$242,000 USD | Sold
| Hershey, Pennsylvania
- Unique and early piece of American automotive history
- Built for the test of a patented aluminum tire
- Formerly of the famed Barney Pollard collection
- Extensive documentation and correspondence
The name Eagle has appeared on many automobiles. American Motors’ all-wheel-drive model of that name was followed by a whole product line of AMC-Renault cars. Willys Motors, too, had an Aero Eagle model in the 1950s. The car offered here is related to none of these, but is instead a unique and one-off automobile, built by Martin Burzynski in Detroit, Michigan, in 1911.
Burzynski had patented the design for a novel tire that used aluminum sidewalls and spring-loaded canvas-and-rubber treads, backed by inflated inner tubes. In order to test his tires, Burzynski designed and built an entire car. He operated the Eagle Motor Car Company in Detroit and gave his vehicle the company name. He built his assembled car from readily available components: a Wisconsin 60-hp six-cylinder engine; Timken axles, bearings, and hubs; and universal joints from Blood Brothers Machine Company in Kalamazoo. The patented wheels were built for Burzynski by Turnbull Wagon Company in Defiance, Ohio. The result was a handsome seven-passenger touring car on a 132-in. wheelbase. Furthermore, there were few automobiles at the time that offered more than 60 hp, significant power in 1911.

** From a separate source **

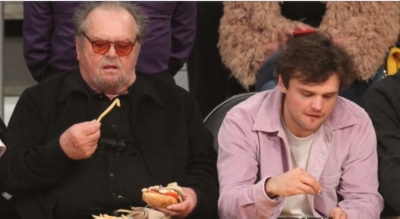 Jack Nicholson es un reconocido fanático de los Los Angeles Lakers. Estos lugares le pertenecen desde los años 70 cuando los adquirió y renova anualmente su abono al estadio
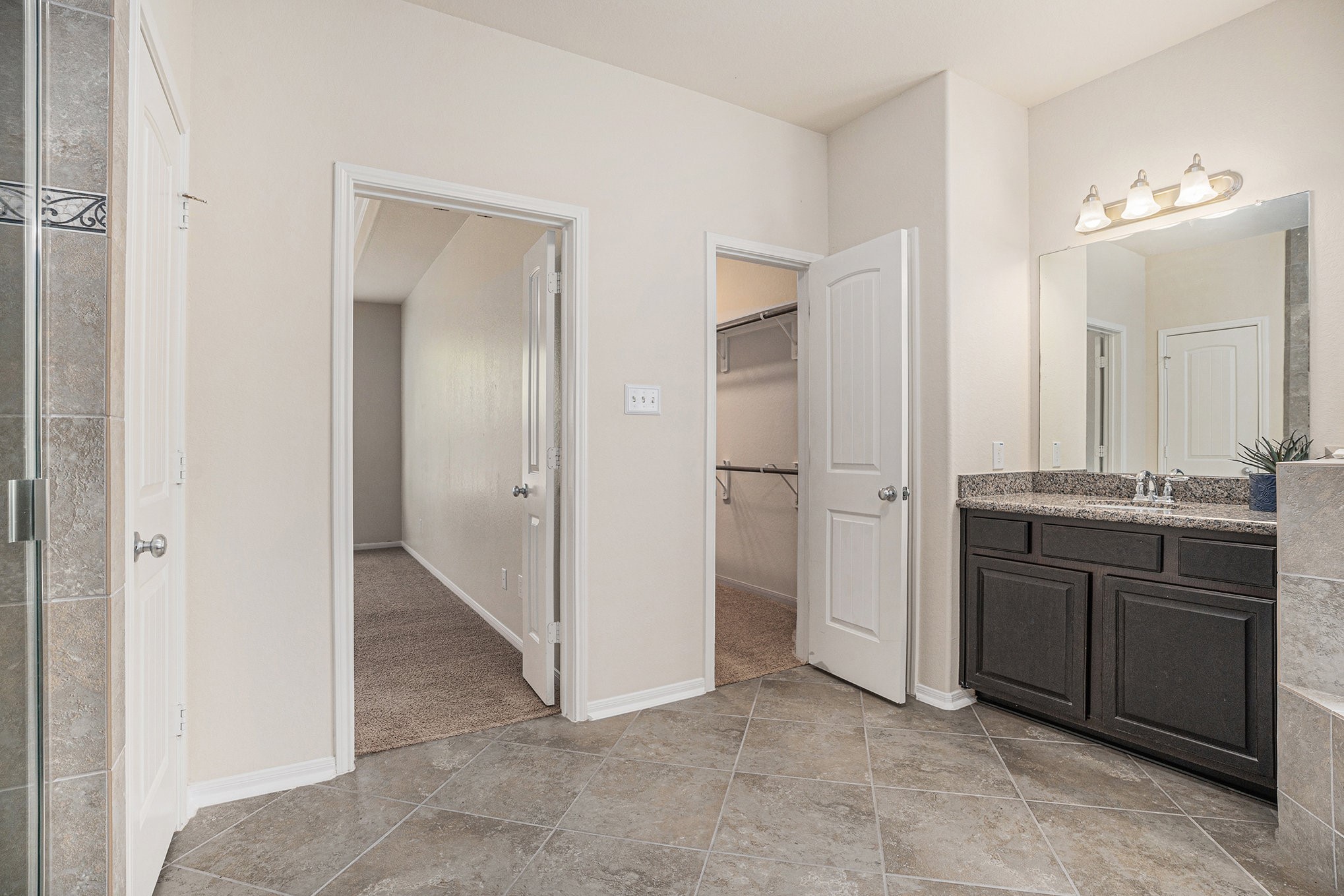 2228 Flower Croft Lane Property Photo 15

Alas, the wheels proved to be a disappointment, as they bottomed out on deep ruts and gave a jarring ride, overshadowing the promised freedom from blowouts. After driving the car for a scant 224 miles, Burzynski laid it up and went on to other ventures. It remained with him, though, until his passing in 1946. The following year his widow sold it to famed Detroit collector Barney Pollard. The car was subsequently restored by Clyde Wade, known for his work for the famed Harrah’s Automobile Collection.
The Eagle continues to run and drive well and comes with a large history file, including correspondence and invoices for components used in its construction, Burzynski’s patent petition for his Pneumatic Mechanical Vehicle tires, and the 1947 Bill of Sale to Pollard. Also included are three of the original prototype aluminum tires.
The auto industry is quick to tout success, but usually prefers to forget failure. Thankfully, those who respect history sometimes preserve those cars whose time had just not come. Henry Ford saved one example of Charles Kettering’s copper-cooled Chevrolet; Barney Pollard saw the value in saving Martin Burzynski’s American Eagle.